Die Bundesanstalt Technisches Hilfswerk wird übrigens aus dem Etat des BMI finanziert, und sie erhält für ihre Auslandseinsätze Projektgelder vom Auswärtigen Amt oder aus internationalen Quellen. Das Technische Hilfswerk taucht bezeichnenderweise in dem Antrag nicht auf; denn sonst würde deutlich, was da für Dopplungen vorkommen.

(Beifall bei Abgeordneten der SPD)

Schließlich gibt es – das sage ich der Vollständigkeit halber – noch Firmen und Organisationen, die auf humanitäres Minenräumen spezialisiert sind. Auch das ist keine Aufgabe, die die Bundeswehr oder andere Militärs in der Regel wahrnehmen.

Ein Großteil all dieser Organisationen trifft sich mindestens viermal im Jahr zum Koordinierungsausschuss Humanitäre Hilfe, der vom Referat für Humanitäre Hilfe im Auswärtigen Amt koordiniert wird. Der Koordinierungsausschuss arbeitet ausgesprochen effektiv, ergebnisorientiert und mit hoher fachlicher Kompetenz. Die Leitung teilen sich das Auswärtige Amt und ein Vertreter aus dem NGO-Bereich. Warum er durch ein neues Gemeinschaftswerk oder eine Kooperationsgesellschaft, was immer die Antragsteller darunter verstehen, ersetzt werden soll, erschließt sich mir nicht.
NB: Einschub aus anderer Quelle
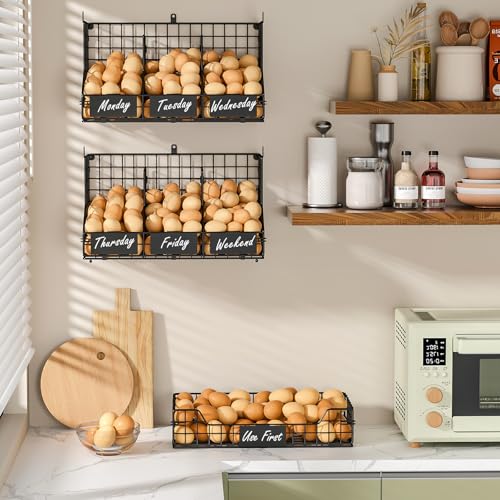 X-cosrack Egg Holder Countertop, 3 Tier Egg Rack with Labels Dividers to Separate Eggs, Stackable Wire Baskets for Fresh Egg, XXL Egg Dispenser for Countertop/Wall-Mounted (Patent Pending) - color: Black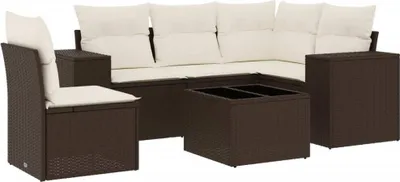 Produktbild von vidaXL 6-tlg. Garten-Sofagarnitur mit Kissen Braun Poly Rattan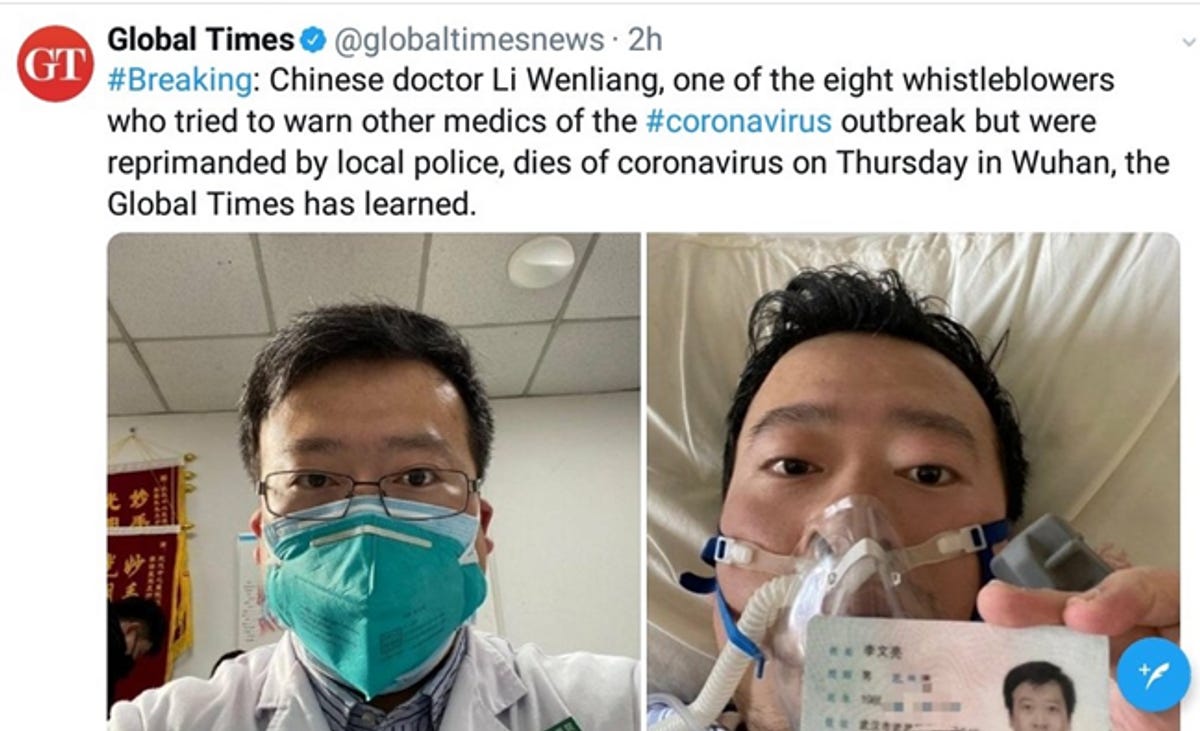 Εικόνες του Li Wenliang που κυκλοφόρησαν και προβλήθηκαν ευρέως από κορυφαία ειδησεογραφικά μέσα σε όλο τον κόσμο Εικόνες του Li Wenliang που κυκλοφόρησαν και προβλήθηκαν ευρέως από κορυφαία ειδησεογραφικά μέσα σε όλο τον κόσμο
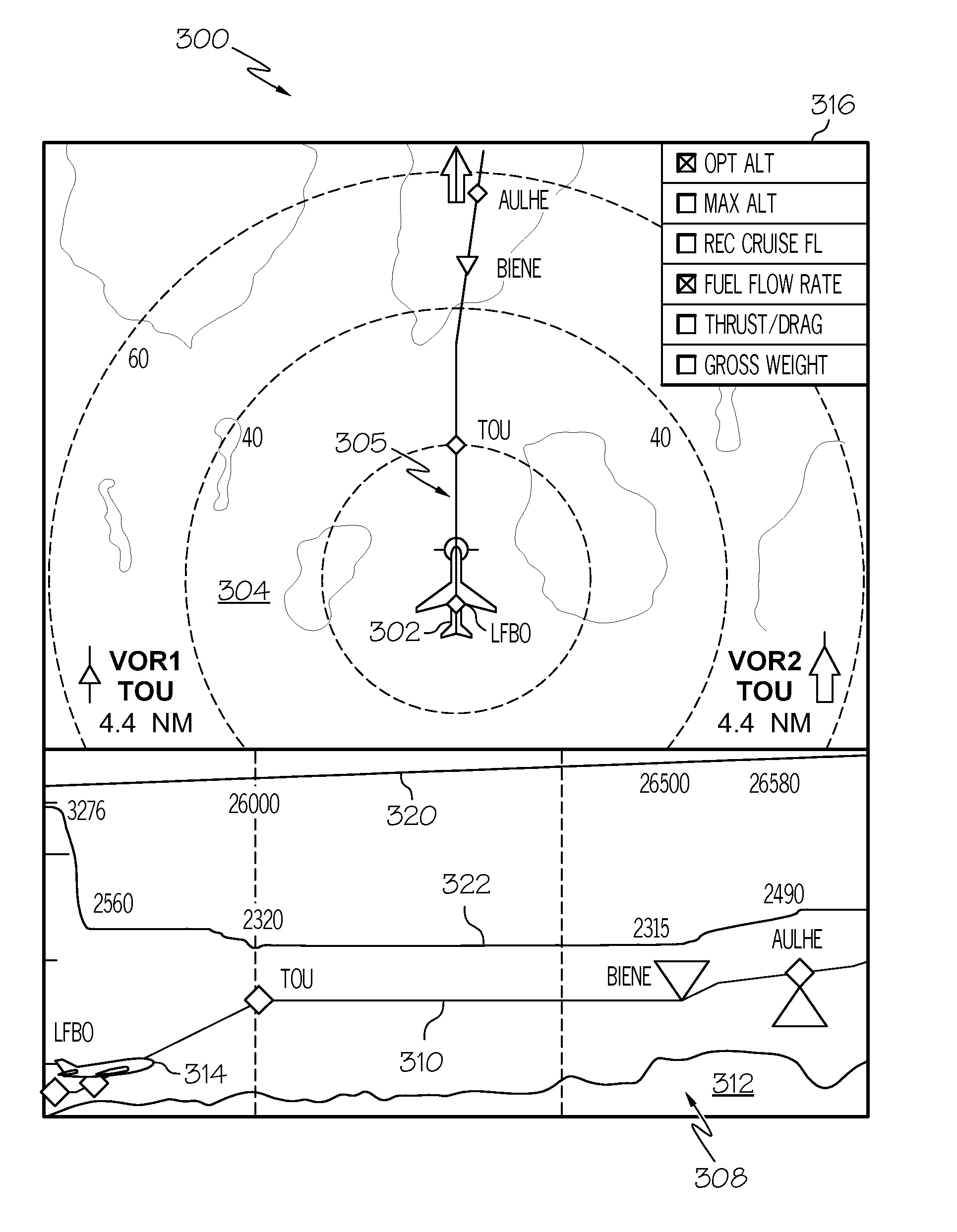 Methods and systems for displaying predicted downpath parameters in a vertical profile display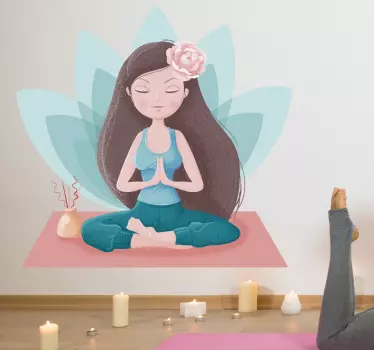 Vinilo infantil para pared ilustración de niña meditando - TenVinilo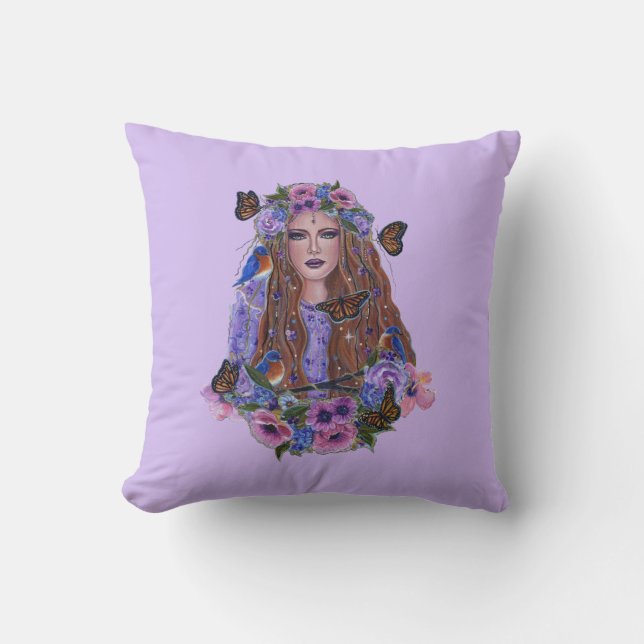 Coussin Papillons de printemps de déesse de Persephone par (Recto)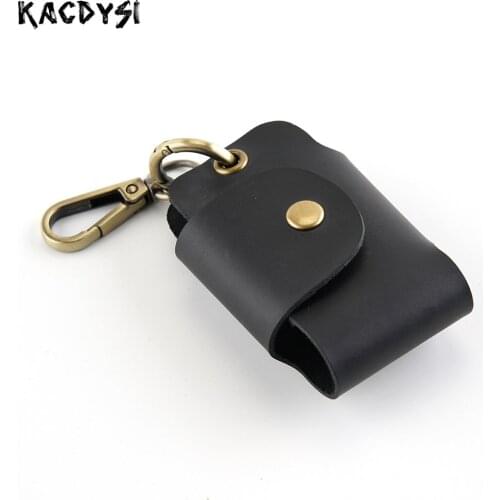 Handmade Split Leather Unisex Car Keyring Cow Leather Vintage Trend Simple Car Keys Bag Creative Pendant Fashion Key Safe Hanger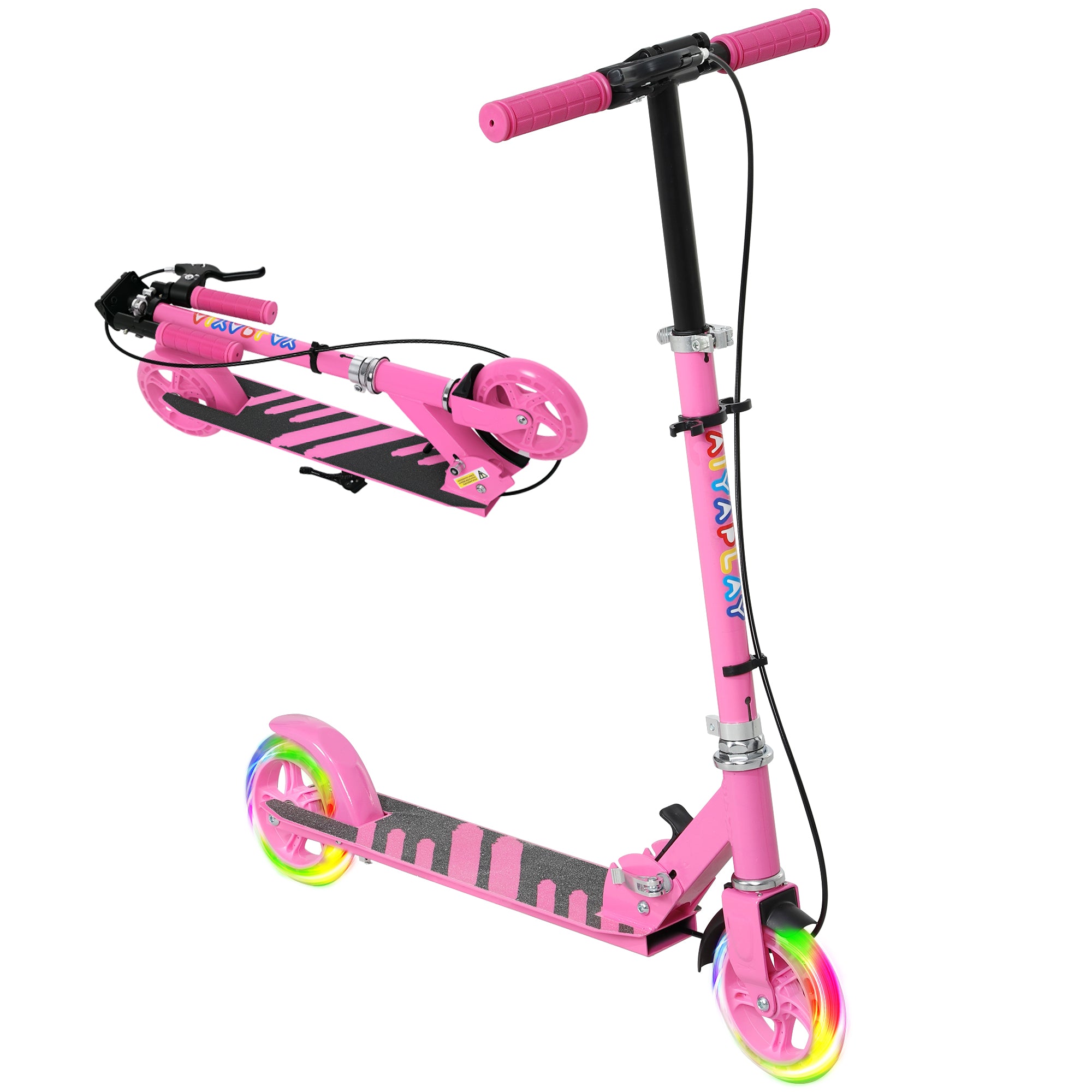 Adjustable Kids Scooter with Light-Up Wheels, Handbrake & Rear Brake for Ages 3-8 - Pink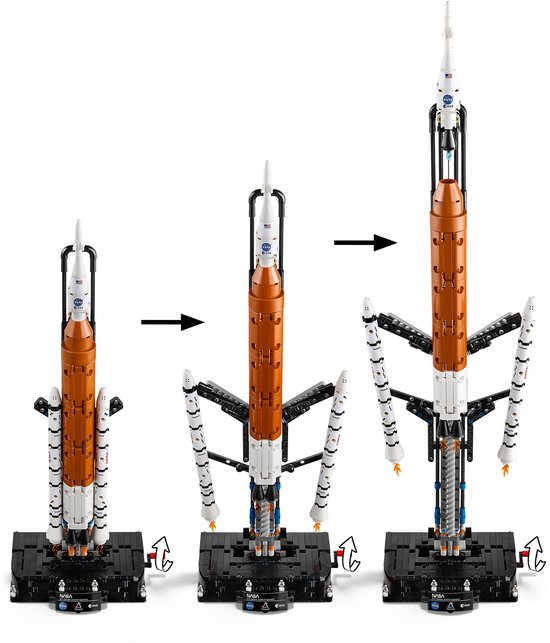 Drie afbeeldingen van de LEGO Technic NASA Artemis ruimtevaartuig-set, die de constructie laten zien.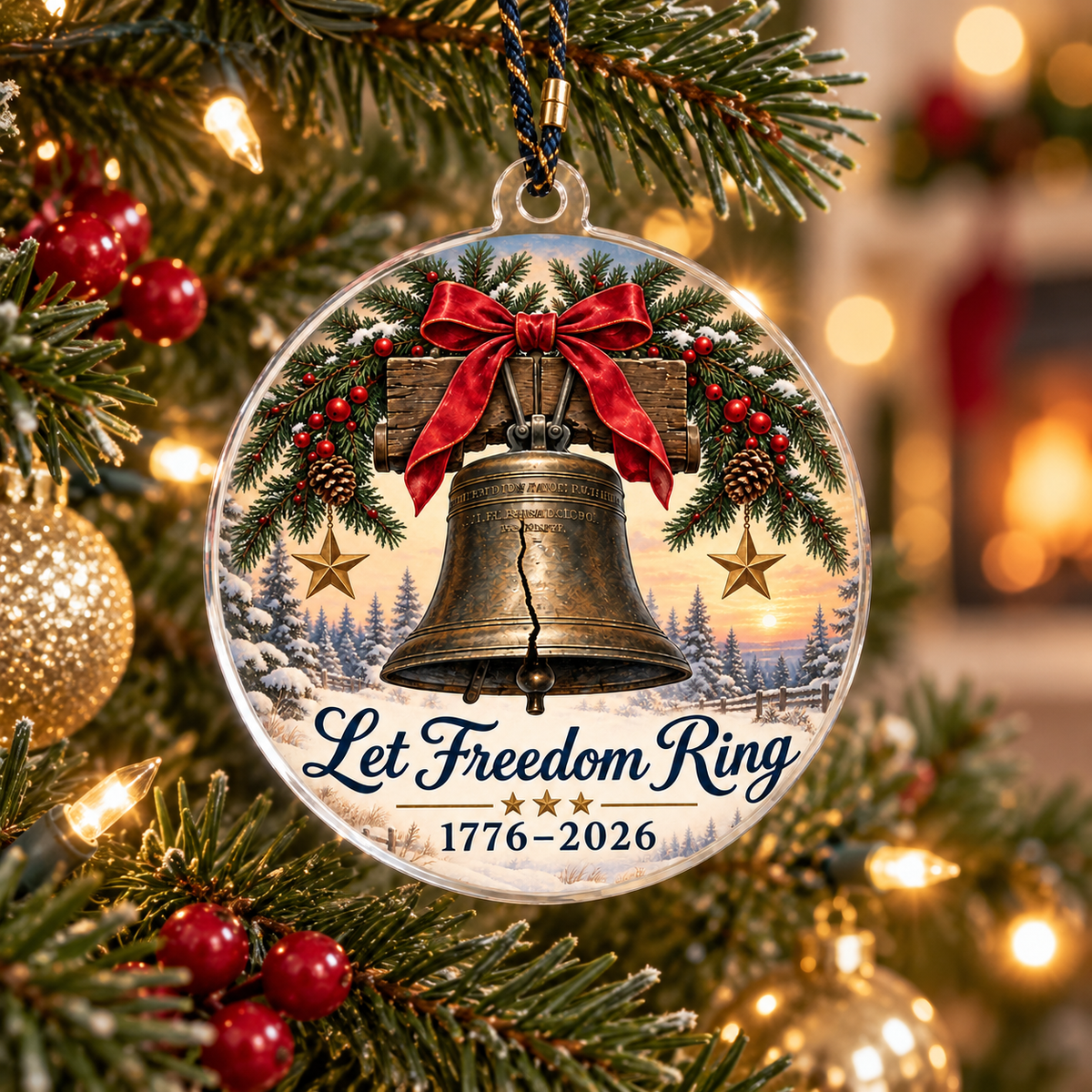 Let Freedom Ring ornament hanging on a Christmas tree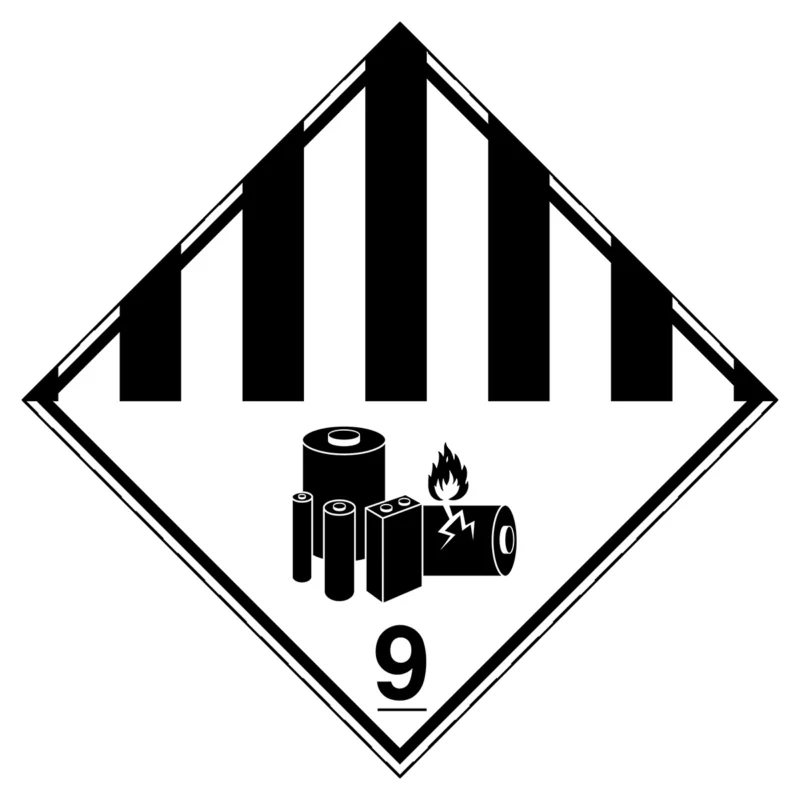 Brady - Gevaarlijke stoffen pictogram - Vervoerspictogram – ADR 9A – Lithiumbatterijmarkering - T/ADR9A-LBM/NT/PE/297X297/1 - 198521 - 86198521 Gratis Retour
Generell gilt: Hilfe von außen ist nur notwendig, wenn die eigenen Kapazitäten eines Landes zur Bewältigung einer Katastrophe oder zum Umgang mit einer sehr großen Anzahl von Flüchtlingen oder Binnenvertriebenen nicht ausreichen. Der Aufbau eigener Fähigkeiten und die Unterstützung von Vorsorgemaßnahmen in Gebieten, in denen zum Beispiel das Risiko schwerer Erdbeben, von Stürmen und Hochwasser etc. hoch ist, werden daher ein wichtiges Thema des Humanitären Weltgipfels sein.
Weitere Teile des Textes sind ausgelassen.